[ABOUT THIS TASK] Please transcribe exactly the lines from the one containing "Staplers | Rapid" through the end of the records below, both included, and nothing else.

[Collection entries]
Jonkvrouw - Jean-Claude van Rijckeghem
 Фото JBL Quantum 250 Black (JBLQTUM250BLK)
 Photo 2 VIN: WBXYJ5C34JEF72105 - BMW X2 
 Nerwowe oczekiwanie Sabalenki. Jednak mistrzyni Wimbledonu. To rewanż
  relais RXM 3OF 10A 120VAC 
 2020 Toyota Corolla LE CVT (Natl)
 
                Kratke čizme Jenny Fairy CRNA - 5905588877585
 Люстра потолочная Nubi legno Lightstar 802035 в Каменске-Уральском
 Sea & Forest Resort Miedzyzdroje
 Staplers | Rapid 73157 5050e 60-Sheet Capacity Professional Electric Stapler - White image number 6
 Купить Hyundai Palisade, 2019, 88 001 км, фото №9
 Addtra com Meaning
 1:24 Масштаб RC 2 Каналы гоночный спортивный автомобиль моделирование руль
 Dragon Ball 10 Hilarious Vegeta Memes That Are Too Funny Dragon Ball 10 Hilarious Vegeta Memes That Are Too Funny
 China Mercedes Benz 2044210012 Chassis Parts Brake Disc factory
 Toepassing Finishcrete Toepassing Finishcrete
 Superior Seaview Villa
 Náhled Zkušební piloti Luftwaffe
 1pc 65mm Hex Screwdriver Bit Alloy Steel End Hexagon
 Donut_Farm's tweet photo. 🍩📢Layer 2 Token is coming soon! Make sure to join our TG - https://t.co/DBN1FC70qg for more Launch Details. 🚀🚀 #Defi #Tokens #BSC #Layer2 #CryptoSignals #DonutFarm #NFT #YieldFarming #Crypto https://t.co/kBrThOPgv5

[RESULT OF THIS EXERCISE]
 Staplers | Rapid 73157 5050e 60-Sheet Capacity Professional Electric Stapler - White image number 6
 Купить Hyundai Palisade, 2019, 88 001 км, фото №9
 Addtra com Meaning
 1:24 Масштаб RC 2 Каналы гоночный спортивный автомобиль моделирование руль
 Dragon Ball 10 Hilarious Vegeta Memes That Are Too Funny Dragon Ball 10 Hilarious Vegeta Memes That Are Too Funny
 China Mercedes Benz 2044210012 Chassis Parts Brake Disc factory
 Toepassing Finishcrete Toepassing Finishcrete
 Superior Seaview Villa
 Náhled Zkušební piloti Luftwaffe
 1pc 65mm Hex Screwdriver Bit Alloy Steel End Hexagon
 Donut_Farm's tweet photo. 🍩📢Layer 2 Token is coming soon! Make sure to join our TG - https://t.co/DBN1FC70qg for more Launch Details. 🚀🚀 #Defi #Tokens #BSC #Layer2 #CryptoSignals #DonutFarm #NFT #YieldFarming #Crypto https://t.co/kBrThOPgv5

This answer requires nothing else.